I due, per nulla preoccupati dalle restrizioni dovute in un caso alla libertà vigilata e nell’altro ai domiciliari in una comunità terapeutica, hanno agito per settimane con sconcertante regolarità, adottando sempre lo stesso modus operandi da banditi esperti. In sella a uno scooter Honda Sh 300 rubato (nascosto nei cortili dei palazzi popolari tra i silenzi complici di amici e parenti), i due arrivavano davanti all’obiettivo di giornata con qualche minuto di anticipo, così da studiare la situazione. 

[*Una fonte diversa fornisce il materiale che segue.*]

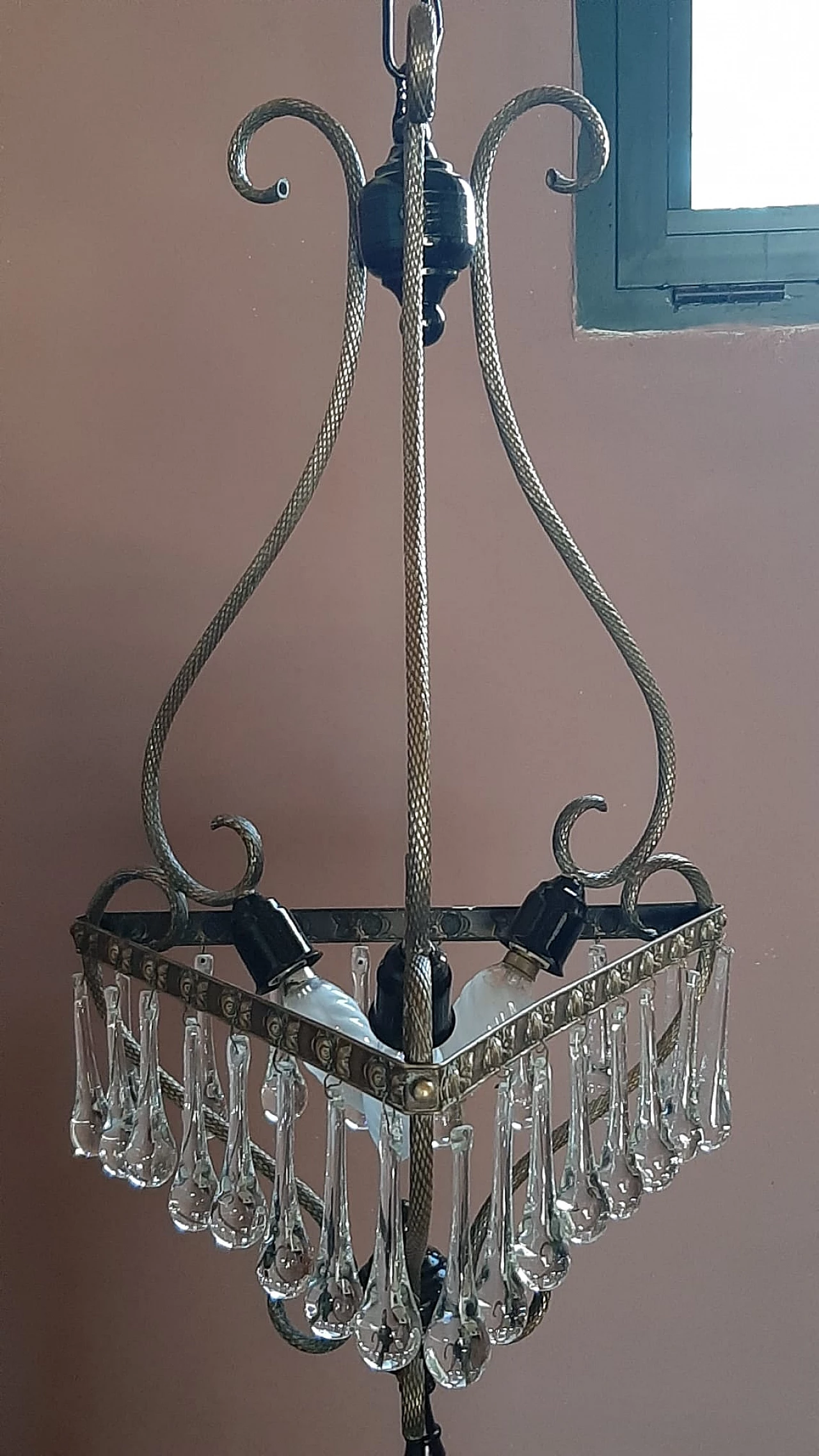 Lampadario a tre luci con gocce allungate, anni '50 6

Poi entravano fingendosi clienti (con i volti parzialmente coperti da berretti, caschi o mascherine) e si avvicinavano al bancone chiedendo sempre connettivina in garze, medicinale tutt’altro che comune. Quindi Grifa tirava fuori un coltello a serramanico o un taglierino e lo puntava al dipendente di turno, in alcuni casi spintonandolo verso il registratore di cassa per incutergli ancor più timore e spingerlo a riempire di contanti il più in fretta possibile un sacchetto bianco. Già, il sacchetto bianco, la serialità individuata dagli esperti dell’Ufficio analisi criminale della Questura dopo aver visionato le immagini delle telecamere. La svolta è arrivata proprio dal certosino screening dei filmati, che ha evidenziato i tattoo: "The End" per Grifa e tre stelle e il nome del figlio sull’avambraccio sinistro per D’Argento. I derubati hanno confermato i sospetti, riconoscendo i volti negli album fotografici. Già fermati tra fine luglio e inizio agosto, martedì la coppia di cognati si è vista recapitare in cella l’ordinanza firmata dal gip Sara Cipolla su richiesta del pm Francesca Crupi: nel provvedimento, il giudice ha contestato gli undici raid in concorso e la ricettazione del motorino. 

L’inchiesta del commissariato è ancora in corso, anche perché è molto probabile che Grifa sia entrato in azione altre sei volte con un complice diverso. Quando gli investigatori gli hanno notificato in carcere l’ulteriore misura cautelare, il trentanovenne non ha fatto una piega, come a dire: "Vi stavo aspettando".